Left arm injury forced Nick Diaz to stop punching two weeks before Anderson Silva fight

LAS VEGAS — The most important part of Nick Diaz’s game is boxing, so it didn’t exactly help him that a left arm injury forced him to stop punching two weeks ago.
Diaz said the arm injury was not an issue in his unanimous decision loss to A…

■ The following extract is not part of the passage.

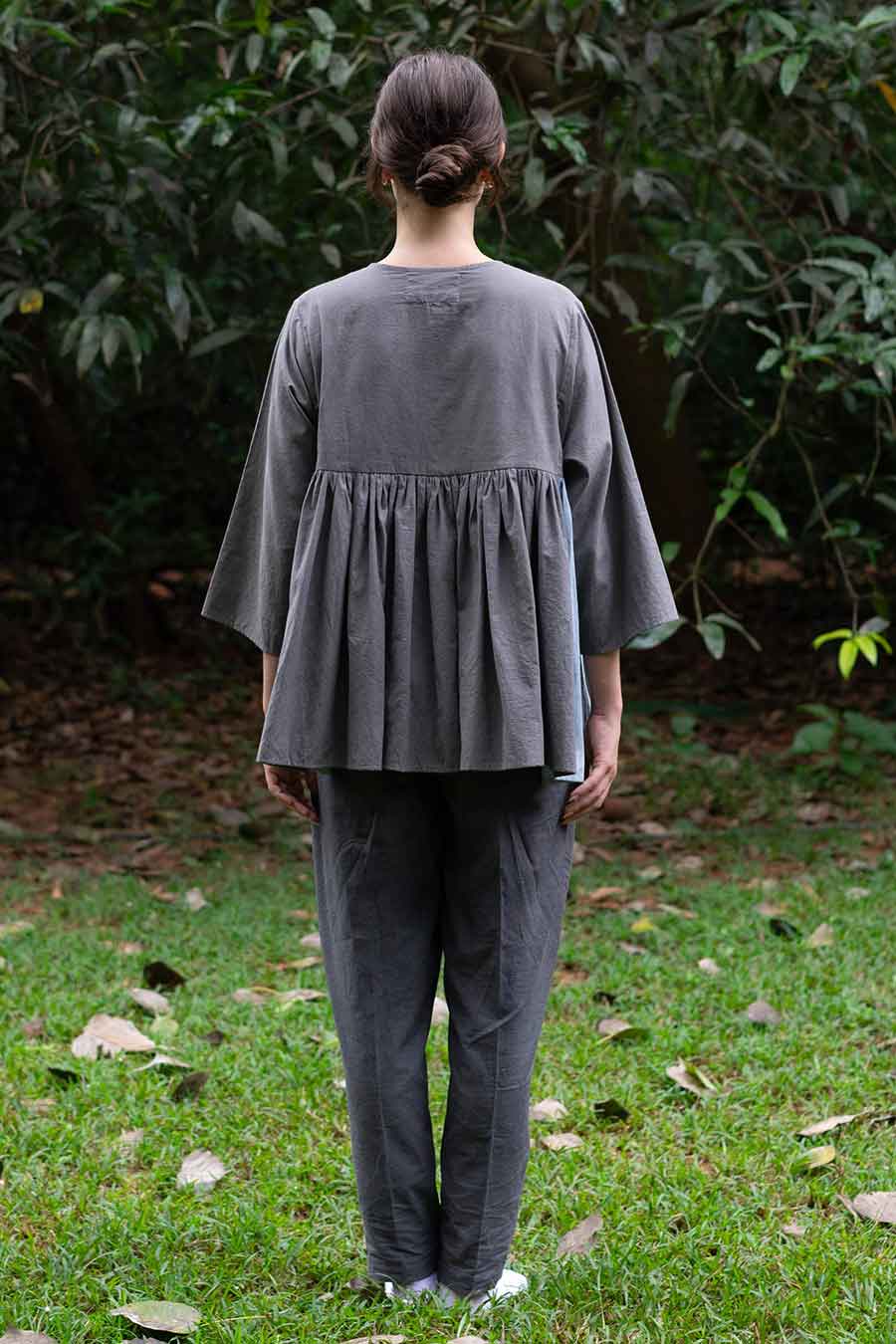 Grey Gathered Top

LAS VEGAS — The most important part of Nick Diaz’s game is boxing, so it didn’t exactly help him that a left arm injury forced him to stop punching two weeks ago.

Diaz said the arm injury was not an issue in his unanimous decision loss to Anderson Silva at UFC 183 on Saturday night here at MGM Grand. But Diaz said he did need a cortisone shot and a UFC doctor told him that it could require surgery. Diaz might have bone spurs or bone fragments in his elbow, according to X-rays.

“I couldn’t really throw any punches until the fight, because I thought if it was gonna tear something or pull something, I would just get through it in the fight,” Diaz said. “I didn’t want to do it before the fight and have it swell up on me and go out there with nothing.”

Diaz said he had a hard time extending his arm all the way and every time he did it felt like “some tendons caught up and I can’t straighten it.”

“It was actually locking up on me and I couldn’t punch with it,” Diaz said. “But I came out to fight and it wasn’t an issue. But I was worried it was going to be, because every time I’d throw a punch in the last couple days it would lock up, it would stick.”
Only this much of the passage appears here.